Despite fanciful, virtue-signalling claims of an ‘Islamic Golden Age’, the contribution of Islam to science is negligible. Even today, just four Muslims have won Nobel Prizes in the sciences.
While the Greeks made important contributions to what would eventually become science, the Greek worldview remained rooted in the concept of the divinity of nature. It was only when Greek thought merged with Jewish thought, in Christianity, that nature became ‘de-deified’: that is, Christianity fostered the concept in an orderly, rational universe, which could be understood by systematic inquiry. This is why the first true scientists were all Christians, indeed churchmen, including the father of the crucial Experimental Method, Roger Bacon.
But it’s not just science that owes its existence to Christianity. The human rights industry so beloved of the left does, too. Again, anyone who studies pre-Christian history can only but be astonished by the callousness with which the vast bulk of humanity was treated. The idea that all human beings have intrinsic value is almost completely foreign.
Equality: Christianity underpins the belief in the equal value of every human life. This principle is reflected in the US Declaration of Independence, which states that all people are created equal and endowed with inalienable rights by their Creator […]
Human Rights: Christianity has been a driving force behind the development of human rights. The belief in the inherent dignity of every person, rooted in Christian teaching, has influenced modern human rights concepts and was the basis of advocacy.
Indeed, the paradigm case of human rights, the abolition of slavery, almost solely belongs to Christianity. While early Christian texts took the existence slavery as a given, they did not, as did Islam (founded by a slave trader) for instance, promote it. The abolitionist movement, the first serious effort in human history to stamp out what had hitherto been accepted practice the world over, was a revolutionary Christian movement.
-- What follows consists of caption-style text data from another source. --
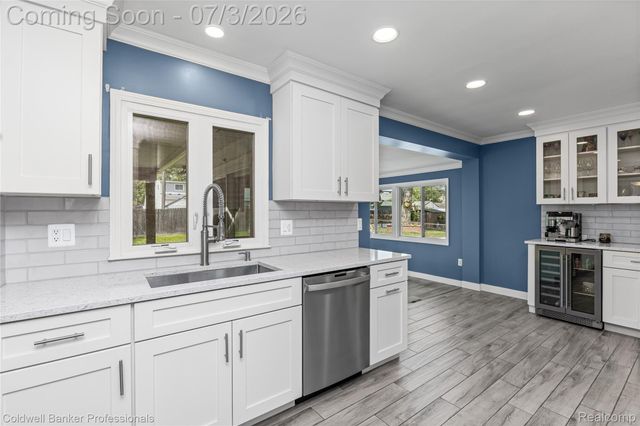 20913 Bon Brae Street, St. Clair Shores, MI 48081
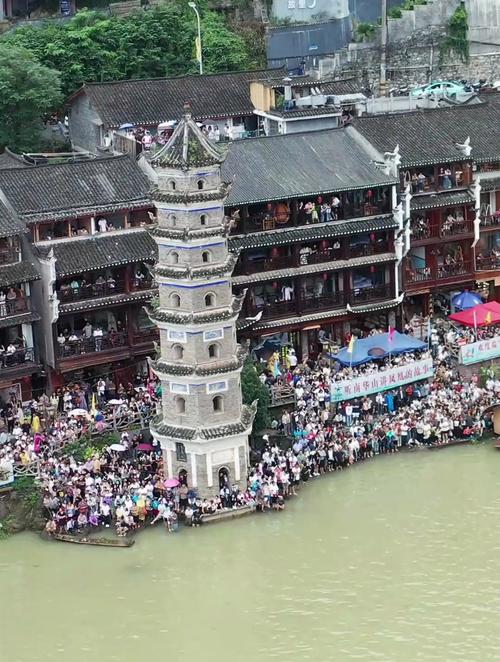 今晚开特马+开奖结果91和凤凰古城百人抢鸭子与凤凰古城百人抢鸭子是真的吗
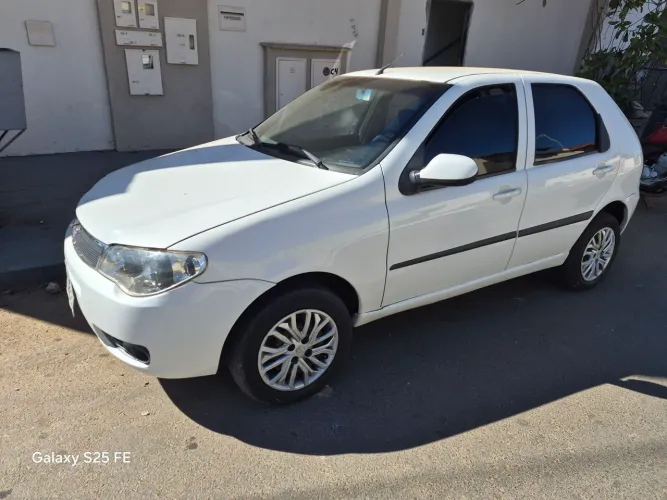 Fiat Palio 1.0 Economy Fire Flex 8V 4P 2012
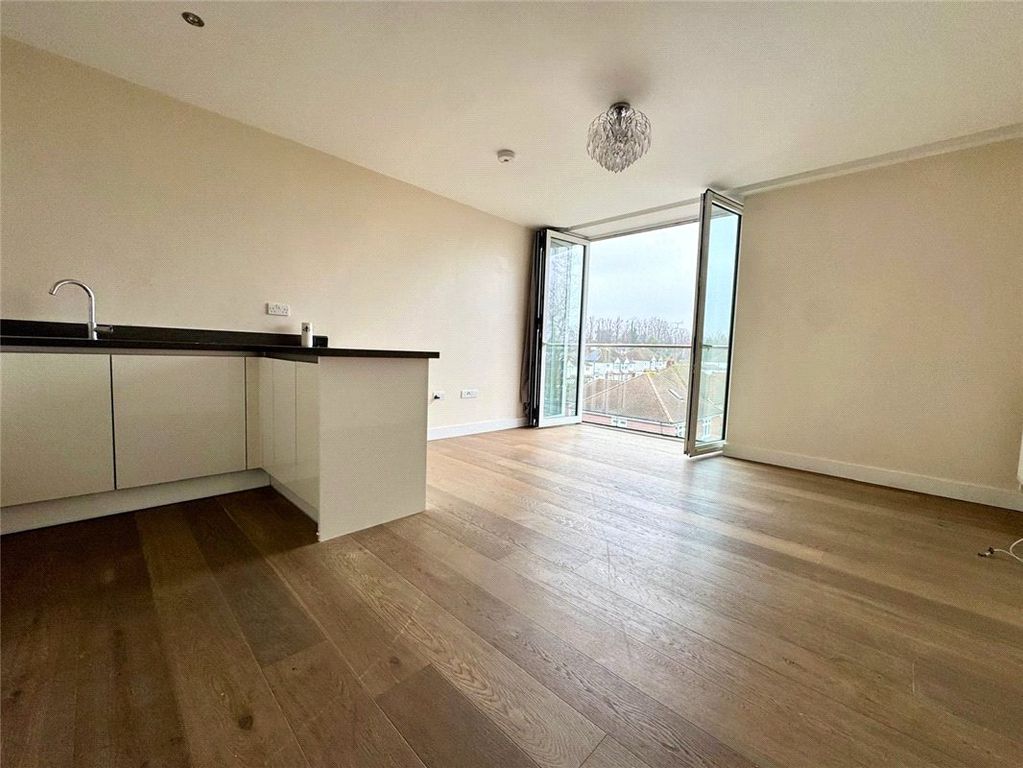 Property photo 2 of 8 Picture No. 30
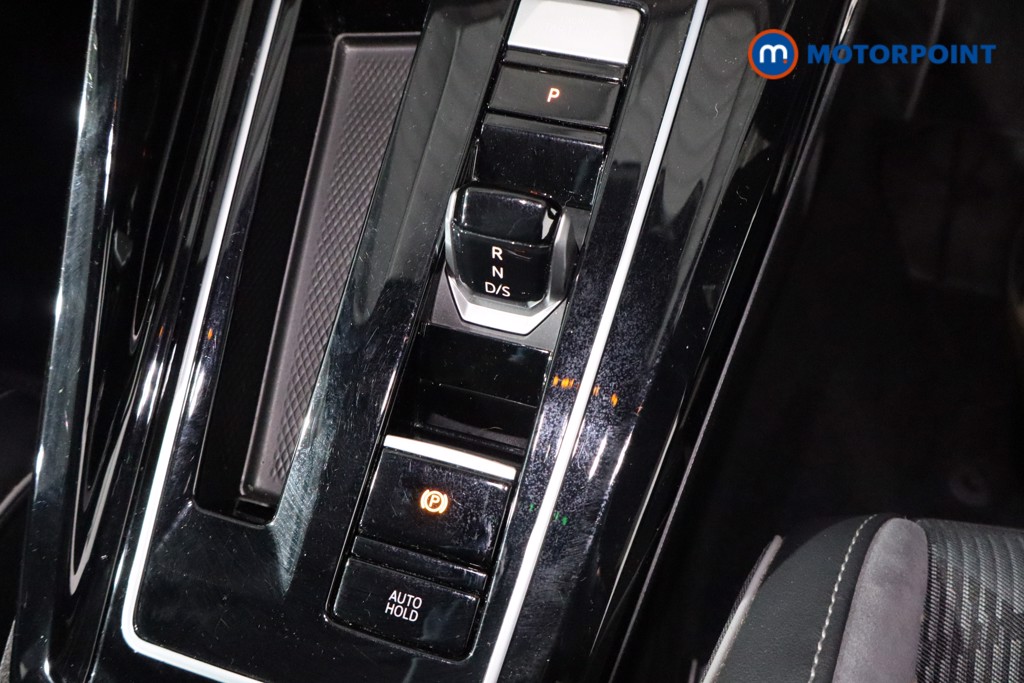 Volkswagen Golf R-Line Automatic Petrol Hatchback - Stock Number (1617136) - 14th supplementary image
Even today, slavery most persists in those parts of the world where Christian culture has least sway.
Rule of Law: Christianity influenced Western legal systems by promoting the idea that both rulers and subjects are accountable to King Jesus and the higher law of heaven, fostering principles of justice, personal responsibility, and the tyrant-restraining reality of God over government […]
Political Philosophy: Christianity has contributed to the development of political philosophy, including ideas about governance, justice, and the role of the state. Concepts like the separation of powers and the moral responsibility of leaders find their roots in the Bible […]
Liberty of Conscience: Christianity’s concept of liberty of conscience has shaped religious and civil freedoms in the Western world. The notion that individuals should be free to follow their moral and religious convictions, without state interference or compulsion, has become a fundamental principle in modern societies.
Then there is the vast edifice of art and culture fostered in the Christian world, often directly inspired by the Christian faith, from the sublime artworks of Rome to the incomparable music of Bach.
As T S Eliot wrote:
“It is in Christianity that our arts have developed; it is in Christianity that the laws of Europe – until recently – have been rooted. It is against a background of Christianity that all of our thought has significance.
“An individual European may not believe that the Christian faith is true, and yet what he says, and makes, and does will all spring out of his heritage of Christian culture and depend upon that culture for its meaning…
“I do not believe that culture of Europe could survive the complete disappearance of the Christian faith. And I am convinced of that, not merely because I am a Christian myself, but as a student of social biology.
“If Christianity goes, the whole culture goes.”
Looking at Europe, at once aggressively anti-Christian and pathetically servile to Islam, we can practically watch it happen in real time.